* **Exercise**
Print, exactly as they stand, the lines below from the one that has "Immigrants from Uruguay" to the one that has "Segmentation Subgroups Segmentation | PPT", inclusive, leaving out the pictures.

* **Data shown**
============================================================
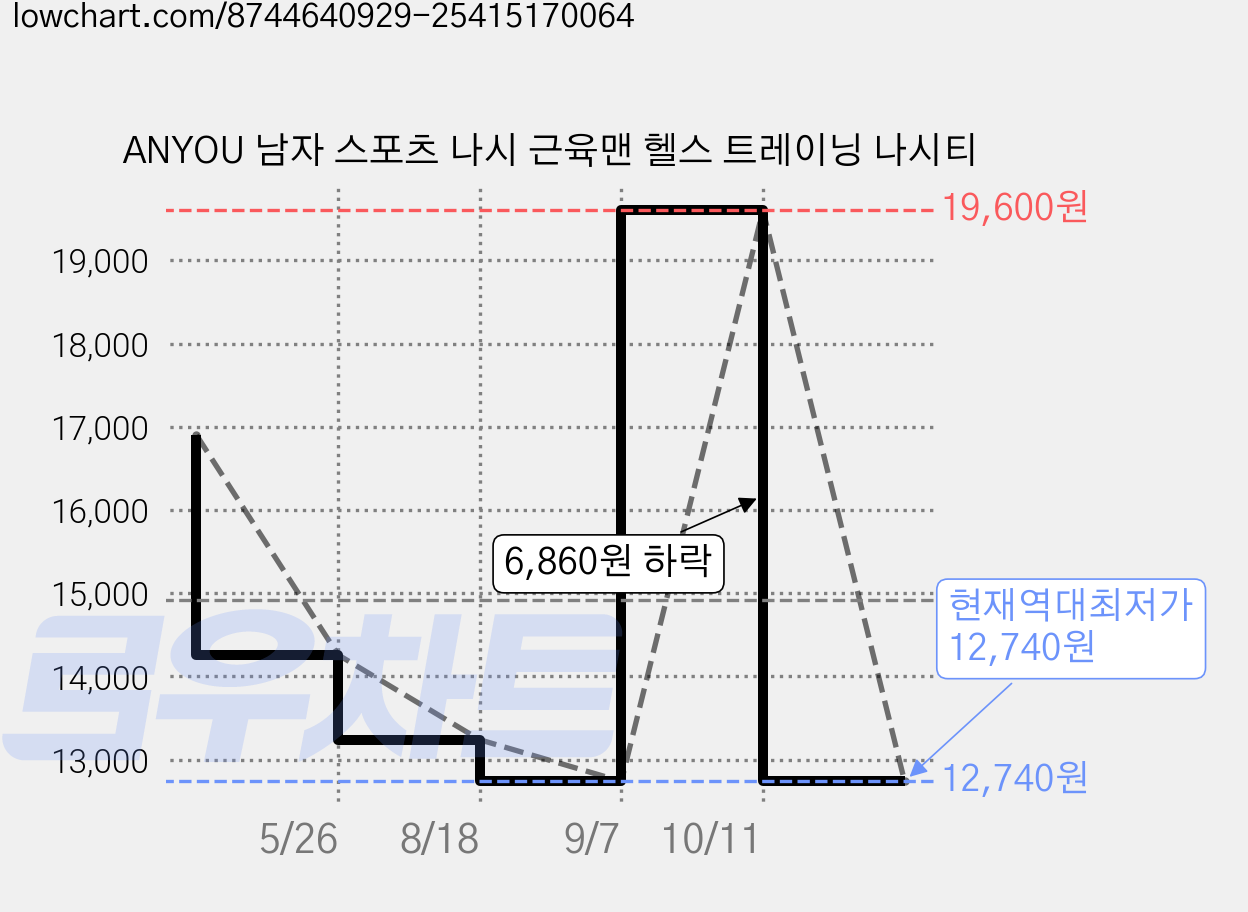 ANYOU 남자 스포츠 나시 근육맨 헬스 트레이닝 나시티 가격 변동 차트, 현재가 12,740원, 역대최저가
============================================================
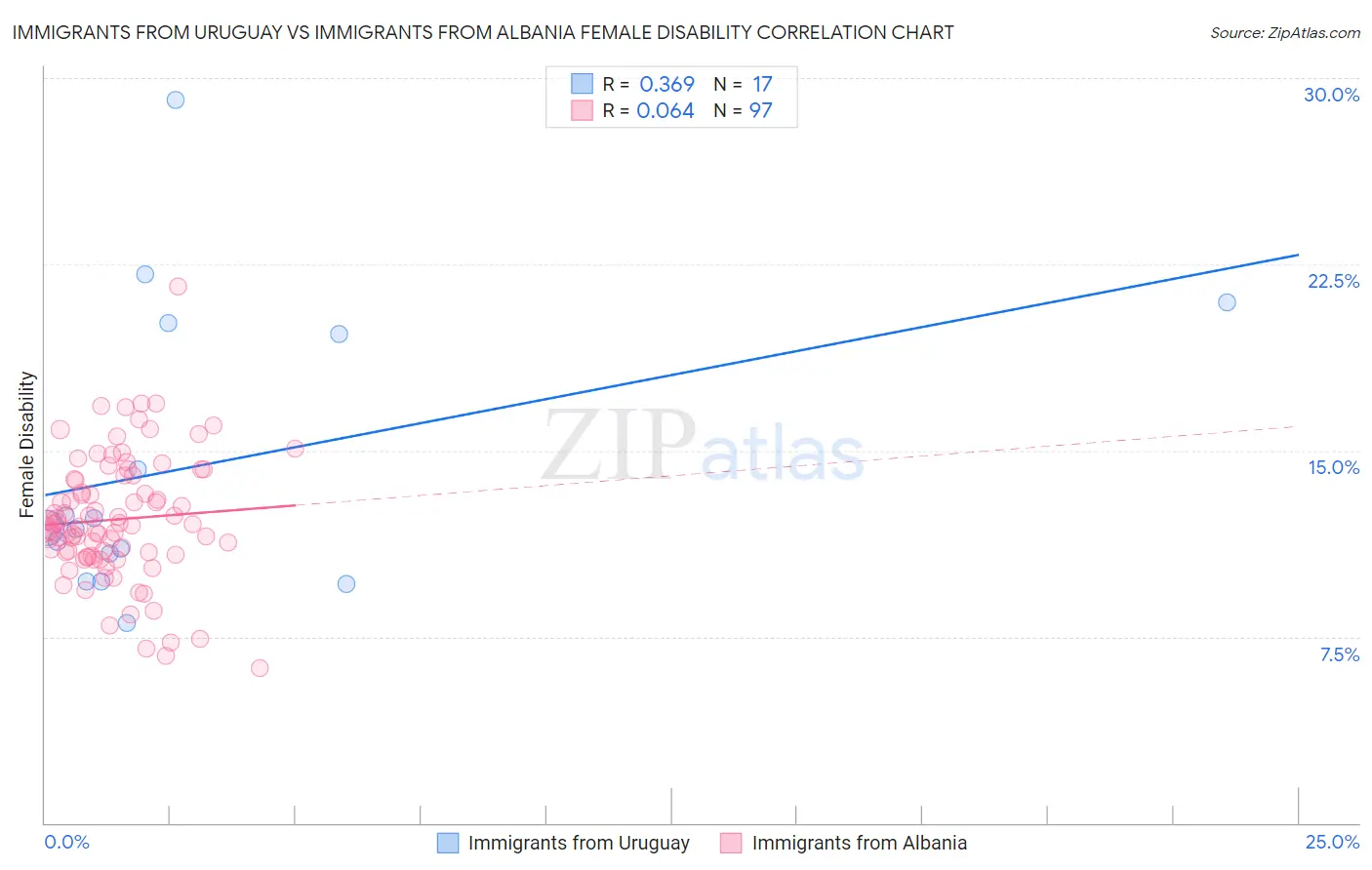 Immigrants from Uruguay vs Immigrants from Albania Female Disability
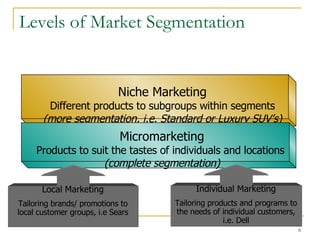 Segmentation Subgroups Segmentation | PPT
============================================================
* **Your solution**
 Immigrants from Uruguay vs Immigrants from Albania Female Disability
 Segmentation Subgroups Segmentation | PPT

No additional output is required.